At the most sumptuous of his feasts King Badir—sensuous, self-indulgent, undeniably shrewd—liked to have the meal floated along this stream in trays, to be collected from the water by half-naked slaves and presented to the king's guests as they reclined on their couches in the ancient fashion. Alvar had written a letter to his parents mentioning this; he knew they wouldn't believe him.
He usually tried to avoid running through the streets these days—it was too youthful, too undignified—but the news of the morning was enormous and he wanted to be the one to tell Jehane.
He skidded around a leather-goods stall and grabbed for the awning pole to help him turn. The pole rocked, the canopy tilted dangerously. The artisan, a man he knew, cursed him routinely as Alvar shouted an apology over his shoulder.
Jehane and Velaz would be at their own stall in the market. She had been following her father's practice and her own from Fezana. Even though handsomely rewarded at the palace, she was always at the booth on the country market morning, and in her consulting rooms two afternoons a week. A physician needed to be known outside the chambers of the palace, she had told Alvar. Her father had taught her that. A doctor could as easily go out of fashion at court as come into it. It was never wise to be cut off from other sources of patients.
It had been Velaz who had told Alvar what had happened to Jehane's father.

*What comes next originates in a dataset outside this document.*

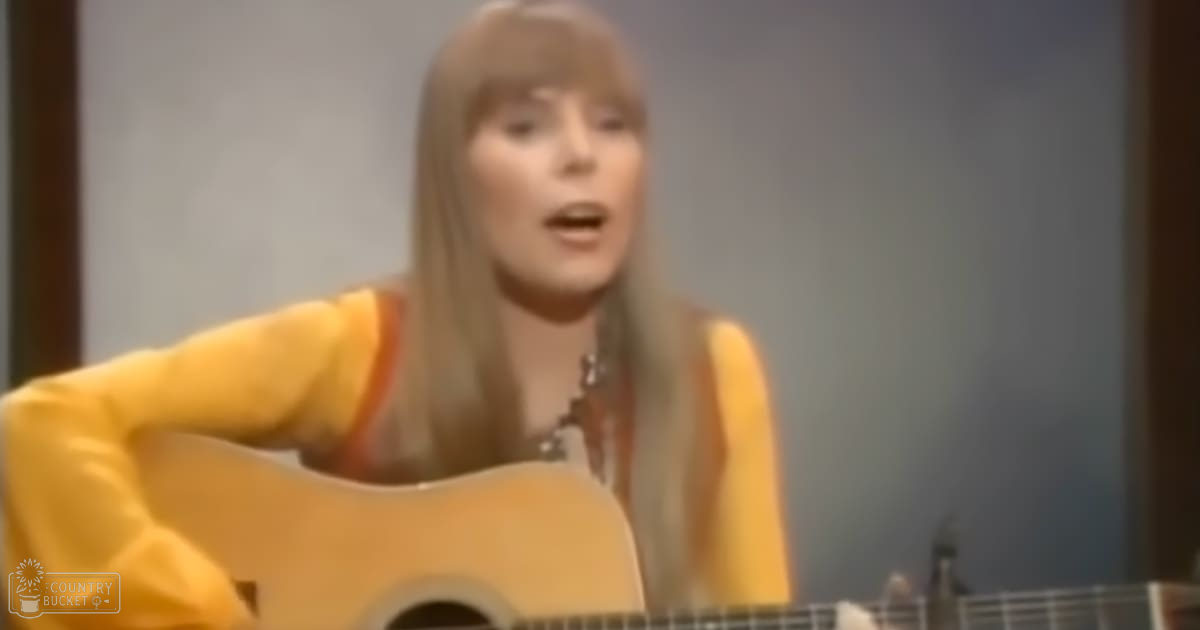 A young adult female plays an acoustic guitar in a studio setting, wearing a yellow garment with wide sleeves and a low-cut neckline. The lighting is even and bright.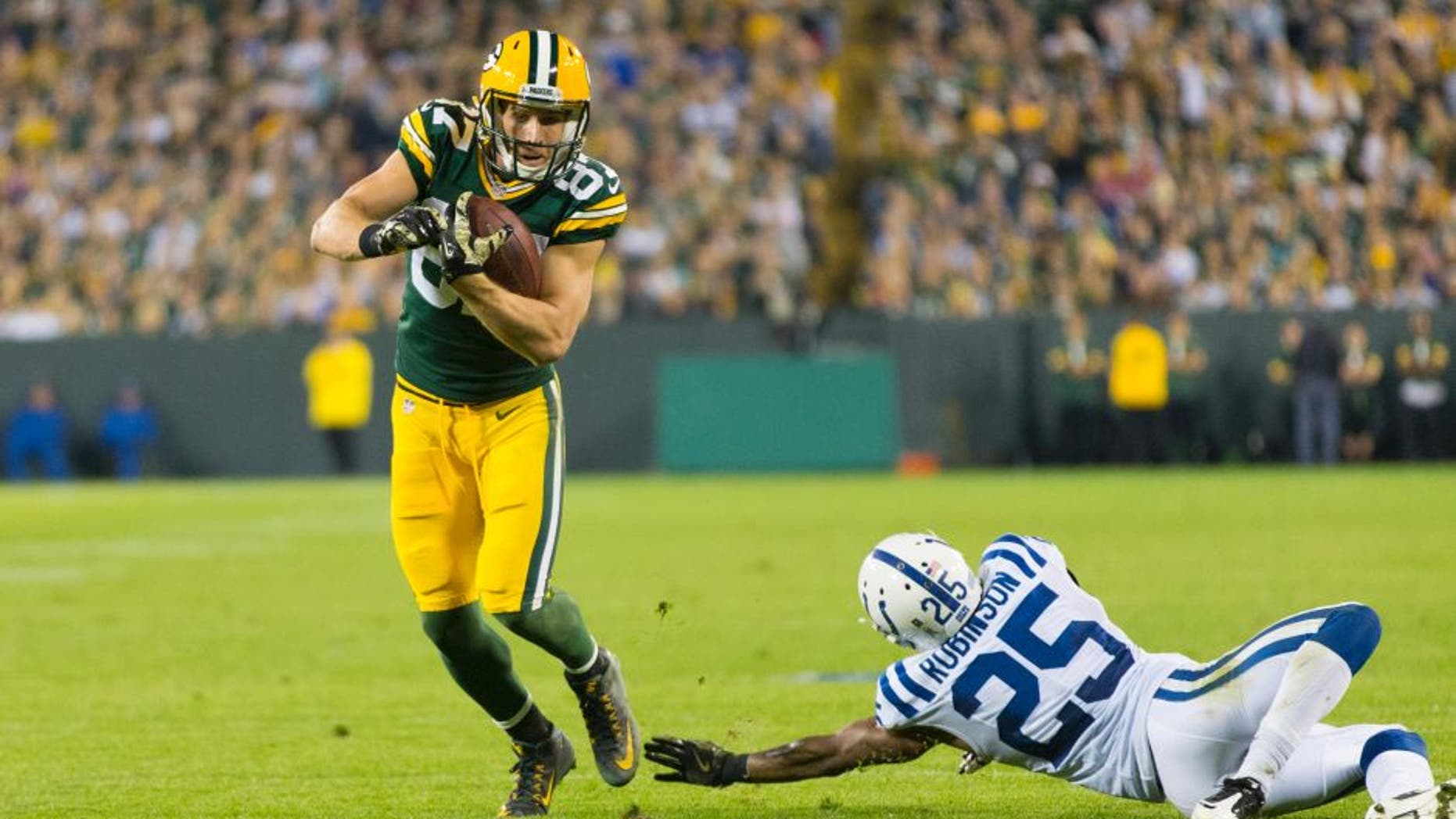 Nov 6, 2016; Green Bay, WI, USA; Green Bay Packers wide receiver Jordy Nelson (87) avoids Indianapolis Colts cornerback Patrick Robinson (25) after catching a pass during the fourth quarter at Lambeau Field. Indianapolis won 31-26. Mandatory Credit: Jeff Hanisch-USA TODAY Sports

In the time before Rodrigo's arrival the two men had taken to having dinner together some evenings when Jehane was at court and Alvar free of watch or patrol duties. The night he heard the story of Ishak ben Yonannon and King Almalik's youngest son, Alvar had dreamed, for the first time but not the last, of killing the king of Cartada and coming back through the mountain pass to Jehane in Ragosa with word that her father had been avenged for his dark, silent pain.
This morning's news had ended that particular dream.
She was not at the booth. Velaz was alone at the back, closing up early, putting away medicines and implements. She must have just left; there were patients still milling about in front of the stall. A buzz of excitement and apprehension animated the whispered conversations.
"Velaz! Where is she? I have news!" Alvar said, breathing hard. He had sprinted all the way from the western gate.
Velaz looked at him over his shoulder, his expression difficult to read. "Alvar. We heard, from the palace. Almalik's dead. Zabira of Cartada's here. Jehane's gone to court."
"Why?" Alvar asked sharply.
"Mazur wanted her. He likes her with him now, when things are happening."
Alvar knew that, actually. It didn't bring him any pleasure at all.
Jehane derived a healthy enjoyment from the extremely rare occasions when she engaged in the act of lovemaking.
She also had an equally healthy sense of self-respect. The universally acknowledged truths that Mazur ben Avren the chancellor of Ragosa was the most illustrious member of the Kindath community in Al-Rassan, the most sagacious, the most subtle and the most generous, did not negate the equally fundamental fact that he was the most sexually rapacious man she'd ever encountered or even heard of, outside of royalty with its harems.
He was royalty, in a sense, and he might as well have had a harem. Ben Avren was known as the Prince of the Kindath throughout Al-Rassan, and though he actively disavowed the name—a prudent act given the malevolent watchfulness of the wadjis—there was truth to that title, too.